Prediksi  Champions: Mourinho Berharap Juventus Barcelona

 situs judi bola-Mantan pelatih Inter Milan Jose Mourinho berharap Juventusa akan bertemu Barcelona di final Liga Champions musim ini.

Mourinho yang pernah meraih treble winner bersama Inter pada 2010, percaya Juve dan Barca sama-sama tim yang layak jadi kandidat kuat karena mempunyai pengalaman, bakat, pemain istimewa. Di Juventus ada Cristiano Ronaldo sedangkan di Barca terdapat Lionel Messi.

Semua orang berbicara tentang Cristiano Ronaldo dan Messi, tetapi saya lebih suka berbicara tentang Juventus dan Barcelona,” kata Mourinho, Selasa (26/3/2019)

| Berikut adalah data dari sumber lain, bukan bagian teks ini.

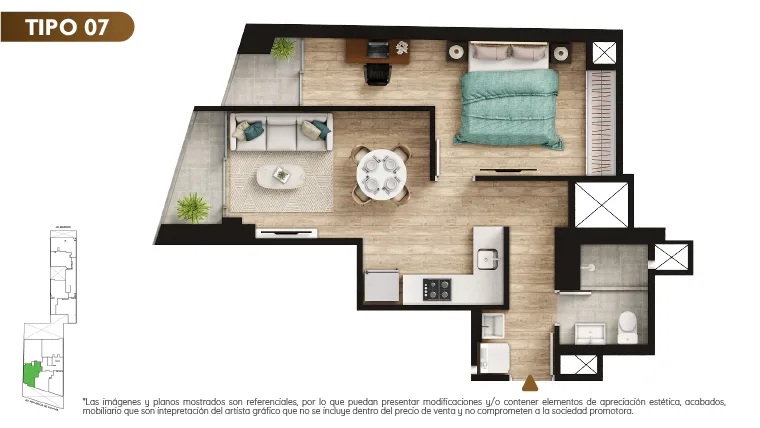 Modelo TIPO 7 · Pisos 2 al 22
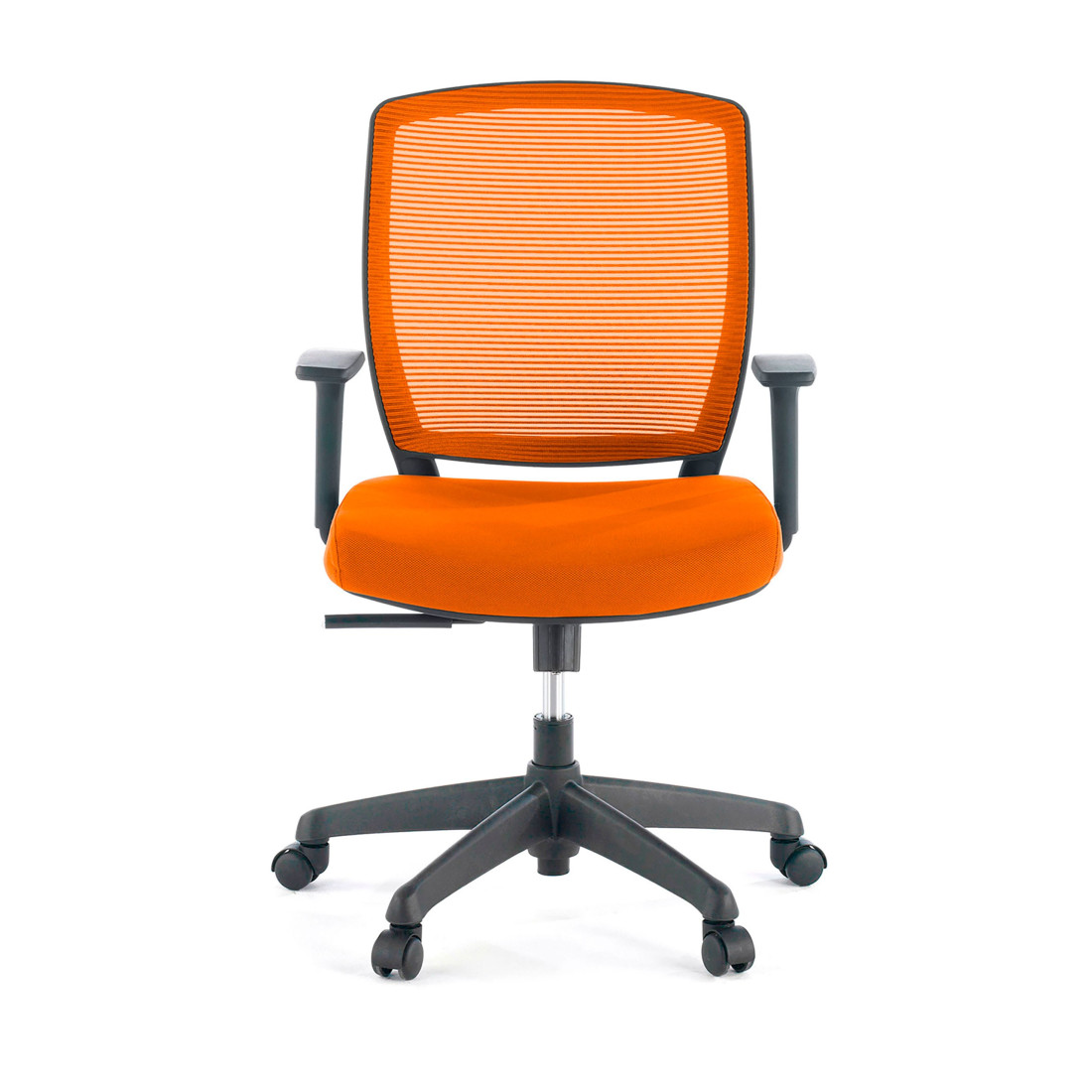 silla giratoria naranja nicole silla estructura negra malla 3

situs judi bola Barcelona dan Juventus adalah dua kandidat besar untuk berada di Fina

tetapi saya juga menilai ada

“Barcelona dan Juventus adalah dua kandidat besar untuk berada di Final, tetapi saya juga menilai ada kans dari tim Inggris atau Ajax dan Porto.”

“Barcelona dan Juventus sama-sama memiliki pengalaman, bakat, dan pemain istimewa. Biasanya ketika Anda memiliki pemain spesial, tim Anda lebih baik untuk itu. ”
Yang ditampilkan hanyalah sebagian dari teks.